Published: 14/06/2006

If, as is said, the appetite grows while eating, the growth of European private equity demonstrates that a healthy financial appetite greatly stimulates political ambition. In 2004, European private equity firms invested close to 37 billion euros, of which two- thirds went to buyout deals. In 2005, 32 billion euros were invested in buyouts. Over 19 percent of this went to buyouts of over 300 million euros; 37.4 percent was in the 150 to 300 million euros range. Private equity is feasting on big companies with substantial assets and large payrolls. Private equity-financed buyout companies in Europe now employ an estimated 5 million workers. In the UK, one out of every five private sector workers has − or has had − a buyout fund for a boss.

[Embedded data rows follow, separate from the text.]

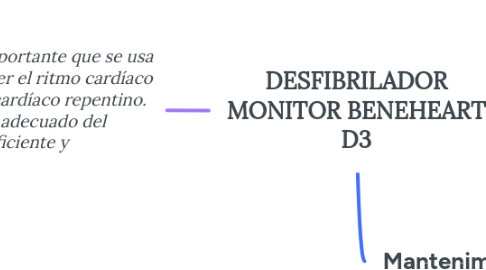 Mind Map: DESFIBRILADOR MONITOR BENEHEART D3
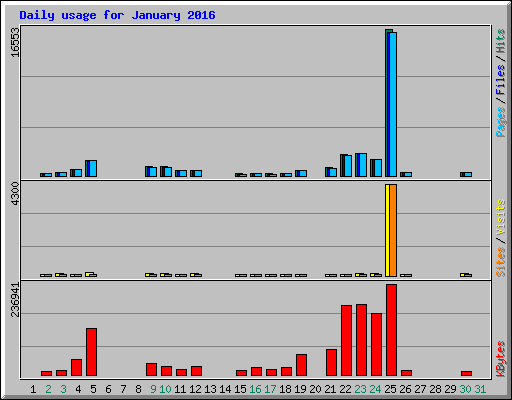 Daily usage for January 2016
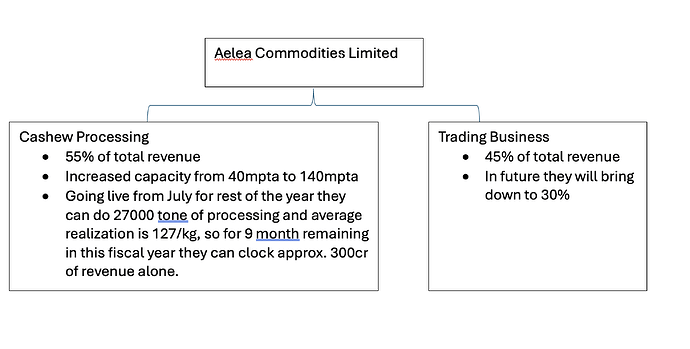 Screenshot 2025-07-03 at 4.40.39 PM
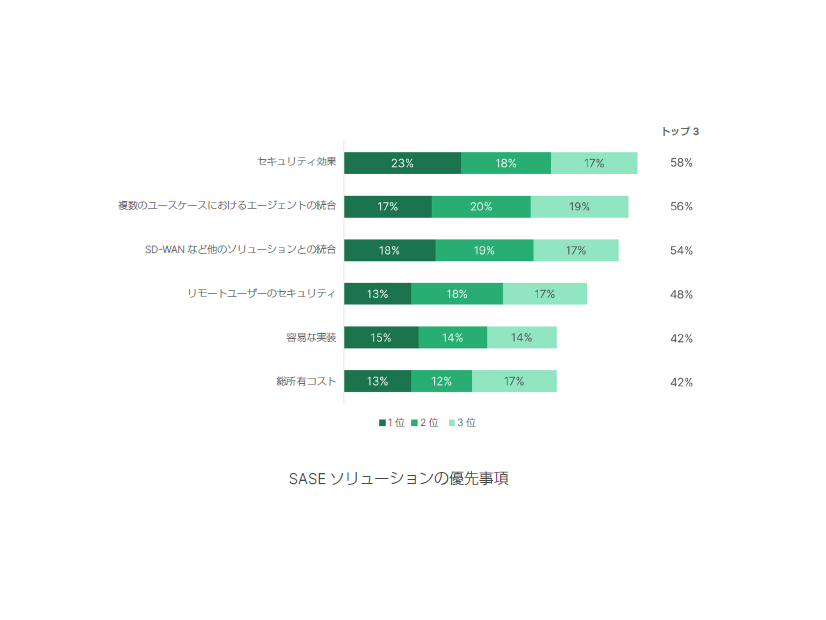 SASEソリューションの優先事項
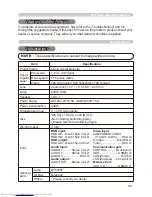 Preview for 78 page of Hitachi CP-X268A User'S Manual And Operating Manual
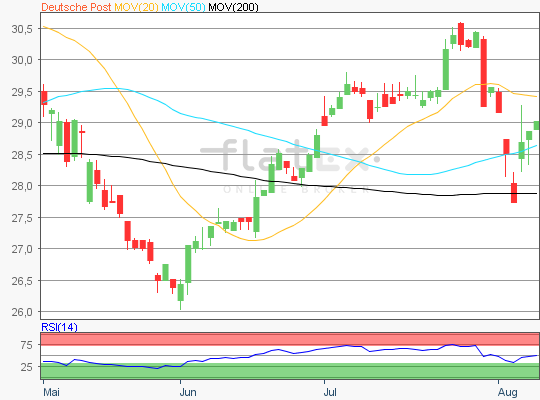 Deutsche Post Aktienanalyse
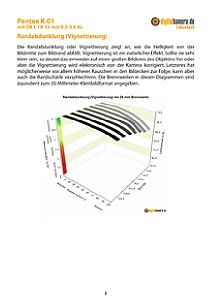 Pentax K-01 mit DA L 18-55 mm 3.5-5.6 AL Labortest, Seite 1 [Foto: MediaNord]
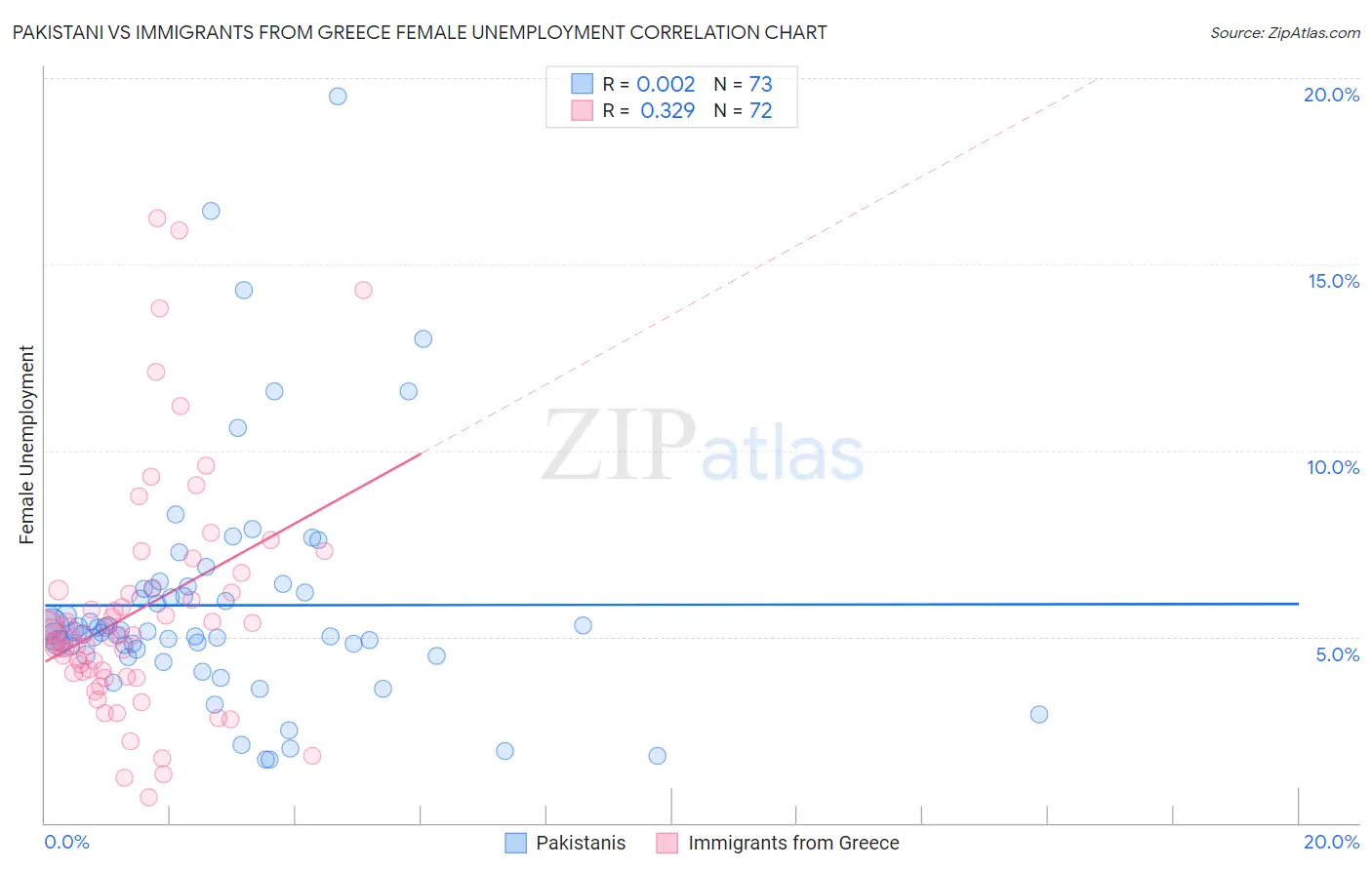 Pakistani vs Immigrants from Greece Female Unemployment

European private equity raised 72 billion in new funds last year, of which 57 billion is earmarked for buyouts. Far from inducing indigestion, the buyout binge has only whetted investors’ political and financial appetites. Private equity has embarked on a lobbying offensive in Brussels and in national capitals, aimed at eliminating all obstacles perceived to limit the number of courses served at the banquet.

Enter EU Commissioner for Internal Market and Services Charlie McCreevy, who last year called on the private equity industry to prepare a blueprint for getting richer quicker through yet more buyouts. The results, drafted by 10 ‘experts’ from private equity funds (with a handful of ‘observers’ from other funds and investment banks), are now available in the Alternative Investment Expert Group’s Report on Developing European Private Equity, and will form the basis of a Commission White Paper. McCreevy praised the experts’ ‘sterling’ work, declaring it ‘a compelling case for cultivating Europe’s growing private equity business’. ‘My services’, he said, ‘have been drawing attention to industry needs as expressed in the present report. If Finance Ministers are serious about doing something to improve the regulatory and tax environment for private equity, here is a ready-made agenda’.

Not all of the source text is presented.